To be honest I don't stick to most of those rules, but I'm still pack leader of my dogs. I do feed mine before me but they are fed in the kitchen and I eat in the lounge, they are absolutely not allowed to beg or even look while people are eating and most definately do not eat off human plates (yuck!!). Mine all sleep on the sofa, but move if I tell them and they all sleep on the bed (usually all at once with me squashed underneath!!)

I always go through the door first, and make them stand and wait when I've opened the van doors before they are allowed to jump out. They are not allowed at the front door if someone is there and I instruct ever visitor to ignore them until they have calmed down and can greet them sensibly (the dogs calmed down not the visitor!!!). 

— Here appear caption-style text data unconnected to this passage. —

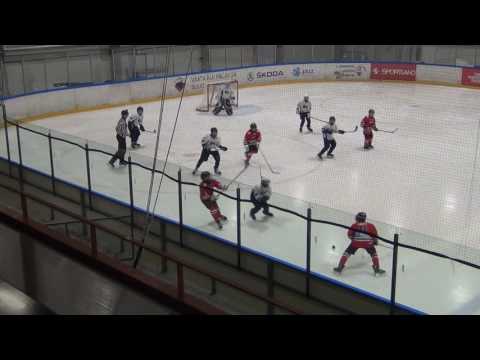 HC Panter 05/06 – Narva PSK 1 05/06  1-2 (0-0 ; 0-2 ; 1-0)  19.04.2017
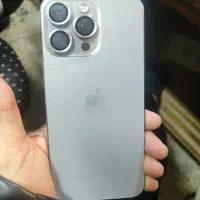 ایفون 15پرومکس لا کاغذی ریجسترشده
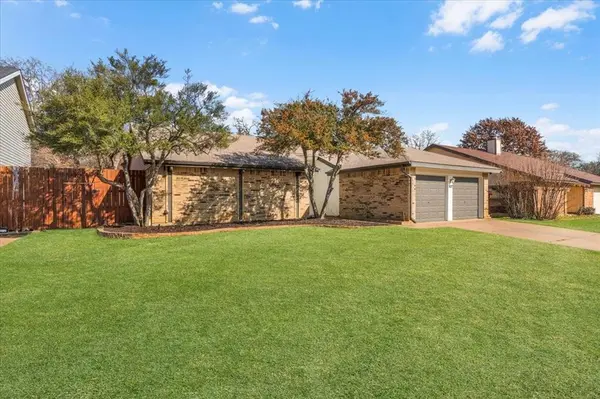 Euless, TX 76039,107 Springridge Lane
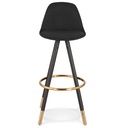 Tabouret de bar design Panter-01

All my dogs (except the new one and he's learning!) walk to heel on my left I can easily walk all 4 perfectly in control just in my left hand and they sit (except wonky Cooper cos he's got bad hips) before crossing the road. 

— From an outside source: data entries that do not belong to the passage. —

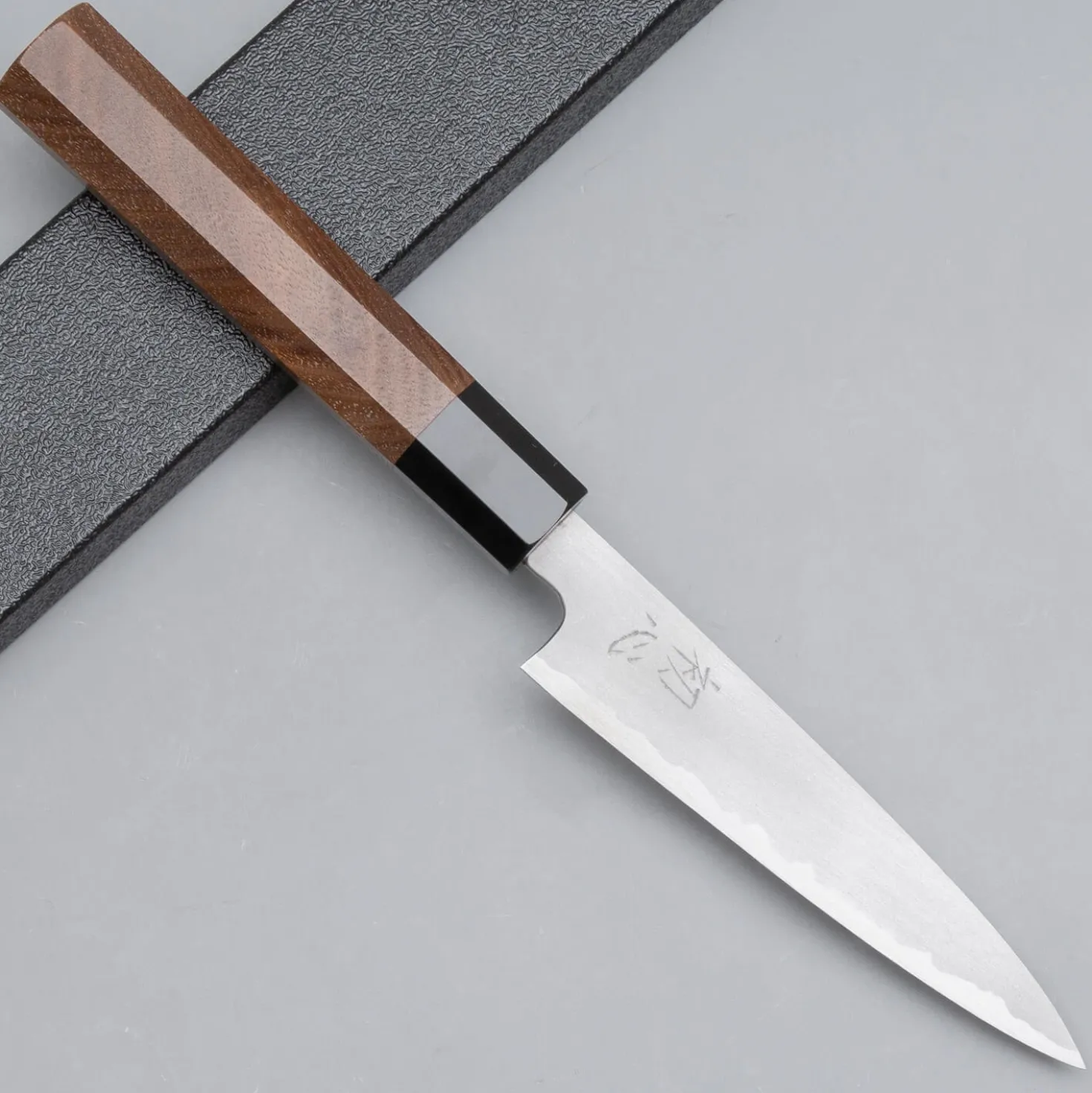 Hatsukokoro Shirahama Shiro #2 Petty 12 cm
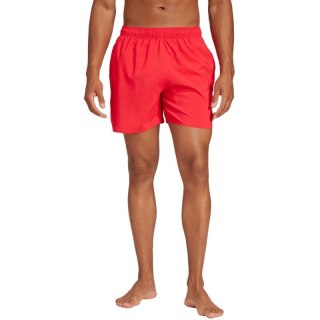 Spodenki kąpielowe adidas Solid CLX Short-Length M JC9919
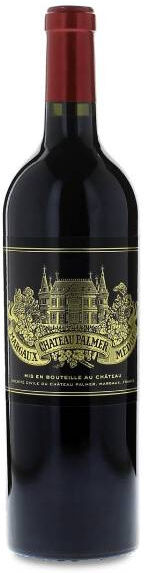 Château Palmer 2021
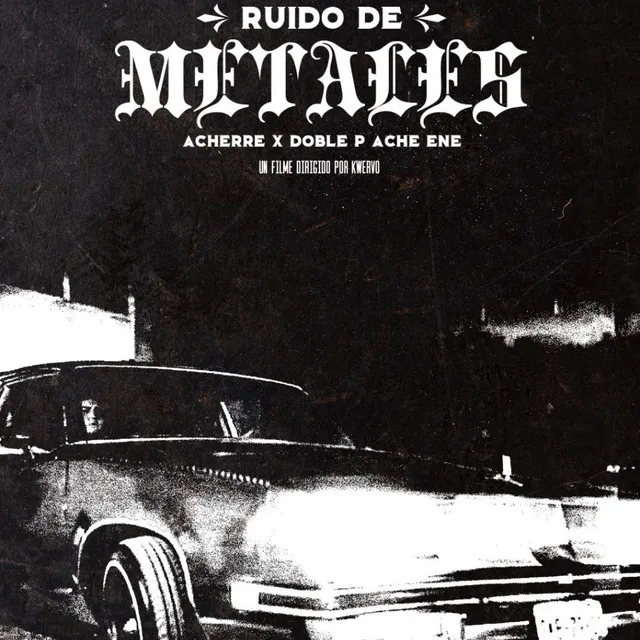 Ruido De Metales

The main thing you need to learn is an air of control. It's amazing since I decided I'd had enough and I was the leader of my pack (had a lesson from a fab trainer who helped me!!) just me standing taller around them and not reacting to a situation in my old manner (scream and shout!) but being calm and assertive it's made a huge difference!!

Oh yes edited to add, the 'claw' thing he does on their necks is very effective!! I don't like it when he prods them with his foot I find this abit too physical for my liking but the quick claw like poke in the neck does seem to distract them enough to get the attention back to you! With the shush noise alongside it's very effective!


----------



## Bobbie (May 3, 2008)

These are good to start with. You could also try when you do feed her to make her sit while you put her dish down and wait till you say right or good dog


----------



## lexie2007 (Dec 9, 2008)

Thanks guys. There is a lot to be said about body language and being assertive.

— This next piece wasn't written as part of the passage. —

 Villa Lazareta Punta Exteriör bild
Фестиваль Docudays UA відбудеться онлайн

She is clever, she will do the sit, stay down, wait, paw etc before I give her food. I can put a dog biscuit under her nose and she will stay down whilst looking at me saying wait wait wait, until I finally say 'go get' and then she eats it and wags her tail.

But in general she does think she is leader!! Perserverance may be key!

thanks all -


----------



## candysmum (Jan 18, 2009)

candy walks at my side 99% of the time at the moment she gets to go in front on her retractable lead once we are in a field other than that she is on the short part of the lead as she is in pup. 

she sits and waits for her food and when i say GOod girl she can eat it. 

SHe does NOT get on my bed unless i give her permission too she sits and asks me if she can get up. i either say come on then or tap the bed. if she tries to without permission she gets told to get down

same with the sofa.

No tip bits. she is to SIT when people come in the front door or knocks at the door. 

I also have domintanted her by getting on all fours and circling her pretending to sniff her like a dog and then i stood over her with her laid under me. i do this every so often just to make sure she still knows i'm pack leader.


----------



## Taylorbaby (Jan 10, 2009)

is ther really any reason to change the way you are now?

are you happy? is she happy? is she raging around not listening to you?

If not why chang things?

As for Cesar Millan, WELL! I loved him until I got a dog and I personally feel its all taken too far, and I cant stand him, cant even watch him now.

Being the leader just means be assertive.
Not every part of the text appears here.